Across the the country, an average of 211mm of rain fell during the month. Only December 1929 was wetter, with 213mm of rain. Scotland and Wales both had their wettest December since 1910, the earliest year on record – 333.1mm and 321mm respectively.
This year is on course for being one of the 10 wettest on record in the UK. The wettest year was 2000, when 1,337mm of rain fell across the country. Provisional figures for the year up to December 29 show 1,270mm of rain.
Storm Desmond was largely responsible for making December a record-breaking month, say the experts. Storm Eva brought more gales and heavy rain to many northern areas on Christmas Eve, then Storm Frank moved in to cause more mayhem, with Scotland and Northern Ireland bearing the brunt.
It was also the warmest December on record, according to the latest figures. Average temperatures for the whole of the UK reached 8C, which is 4.1C above the long-term average.
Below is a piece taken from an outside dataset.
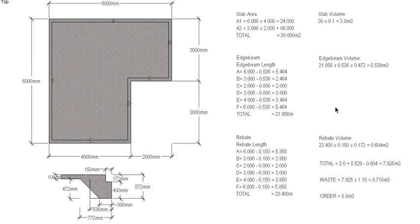So there you go. That's how we calculate the concrete required for a slab on ground with a rebated edge.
The previous record was 6.9C, set in 1934.
The Met Office said: “This means the temperatures this December 2015 were closer to those normally experienced during April or May.”
Climate scientist Professor Piers Forster, from the University of Leeds, said: “There is no doubt in my mind that climate change is partly responsible for the flooding across the north of England. These floods are in part due to greenhouse gas emissions.” He said the high temperatures resulted from the combined effect of a strong El Nino ocean-warming system in the Pacific and a man-made global warming trend.
Meteorologist Dr Paul Williams, from the University of Reading, said “simple physics” showed that warmer air holds more water vapour. He added: “The global warming that we have experienced so far has increased the atmosphere’s moisture storage capacity by about 7 per cent. This is undisputed science.”